Room-temperature amplified transduction of infrared to visible photons
Gibeom Son, Songky Moon, Seunghoon Oh, Junseo Ha, Kyungwon An

TL;DR
This paper demonstrates room-temperature amplification of infrared photons to visible photons using barium atoms, achieving an internal efficiency exceeding unity, which advances quantum device integration and infrared detection.
Contribution
It presents the first experimental demonstration of amplified infrared-to-visible photon transduction at room temperature with efficiency exceeding unity using a barium atomic system.
Findings
Achieved internal efficiency of 1.49 in photon transduction
Transduction bandwidth determined by excited state decay rate
Proposed methods to enhance efficiency and polarization sensitivity
Abstract
Frequency transduction, which converts photons from one energy level to another, provides a way to bridge different quantum devices.

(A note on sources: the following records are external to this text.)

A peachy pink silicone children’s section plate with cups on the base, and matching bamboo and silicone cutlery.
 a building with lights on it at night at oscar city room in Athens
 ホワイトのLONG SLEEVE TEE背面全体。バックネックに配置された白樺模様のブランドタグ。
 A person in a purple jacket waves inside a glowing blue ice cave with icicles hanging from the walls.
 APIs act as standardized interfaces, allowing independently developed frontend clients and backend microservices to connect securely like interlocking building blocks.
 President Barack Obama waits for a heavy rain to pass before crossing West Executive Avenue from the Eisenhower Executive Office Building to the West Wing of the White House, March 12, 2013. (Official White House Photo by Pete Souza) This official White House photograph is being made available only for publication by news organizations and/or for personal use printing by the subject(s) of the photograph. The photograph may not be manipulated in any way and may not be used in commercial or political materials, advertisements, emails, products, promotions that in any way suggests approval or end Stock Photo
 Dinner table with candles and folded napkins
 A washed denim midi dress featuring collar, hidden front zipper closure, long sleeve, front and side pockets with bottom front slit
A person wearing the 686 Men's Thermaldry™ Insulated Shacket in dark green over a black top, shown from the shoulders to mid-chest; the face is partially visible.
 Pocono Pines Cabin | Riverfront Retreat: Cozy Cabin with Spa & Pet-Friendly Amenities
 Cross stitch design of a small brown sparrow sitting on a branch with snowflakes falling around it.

The frequency transduction has been studied across various systems and frequency ranges, depending on the applications. In particular, infrared photons are ideal for long-distance communication, but their detection efficiency is often low. Converting infrared photons to visible light, where affordable detectors with high quantum efficiency are widely available, would offer significant advantages. Here, we report an experimental demonstration of transduction of 1500-nm photons to 553-nm photons at room temperature using barium atoms of a three-level system. In our experiment conducted in free space, we could amplify the visible photons, achieving an internal efficiency of 1.49, exceeding unity. We also observed that the minimum transduction…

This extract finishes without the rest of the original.